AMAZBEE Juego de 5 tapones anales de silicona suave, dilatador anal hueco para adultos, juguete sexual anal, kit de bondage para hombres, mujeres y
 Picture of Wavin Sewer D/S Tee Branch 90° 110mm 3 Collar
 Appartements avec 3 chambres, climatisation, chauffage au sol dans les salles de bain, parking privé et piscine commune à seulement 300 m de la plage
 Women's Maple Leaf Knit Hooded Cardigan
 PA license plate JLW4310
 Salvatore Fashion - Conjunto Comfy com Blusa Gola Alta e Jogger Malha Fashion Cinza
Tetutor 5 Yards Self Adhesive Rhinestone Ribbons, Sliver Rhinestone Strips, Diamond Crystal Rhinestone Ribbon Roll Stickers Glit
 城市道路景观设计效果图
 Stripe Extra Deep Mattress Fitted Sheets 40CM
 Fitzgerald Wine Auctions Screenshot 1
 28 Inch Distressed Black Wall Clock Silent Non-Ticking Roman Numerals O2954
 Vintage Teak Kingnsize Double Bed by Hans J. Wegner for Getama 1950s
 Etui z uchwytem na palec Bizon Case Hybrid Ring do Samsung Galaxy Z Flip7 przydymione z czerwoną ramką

# [Assigned task]
Retype the lines beginning at the one containing "Women's Maple Leaf Knit Hooded Cardigan" and ending at the final line of the material, both included.

# [Answer to this exercise]
 Women's Maple Leaf Knit Hooded Cardigan
 PA license plate JLW4310
 Salvatore Fashion - Conjunto Comfy com Blusa Gola Alta e Jogger Malha Fashion Cinza
Tetutor 5 Yards Self Adhesive Rhinestone Ribbons, Sliver Rhinestone Strips, Diamond Crystal Rhinestone Ribbon Roll Stickers Glit
 城市道路景观设计效果图
 Stripe Extra Deep Mattress Fitted Sheets 40CM
 Fitzgerald Wine Auctions Screenshot 1
 28 Inch Distressed Black Wall Clock Silent Non-Ticking Roman Numerals O2954
 Vintage Teak Kingnsize Double Bed by Hans J. Wegner for Getama 1950s
 Etui z uchwytem na palec Bizon Case Hybrid Ring do Samsung Galaxy Z Flip7 przydymione z czerwoną ramką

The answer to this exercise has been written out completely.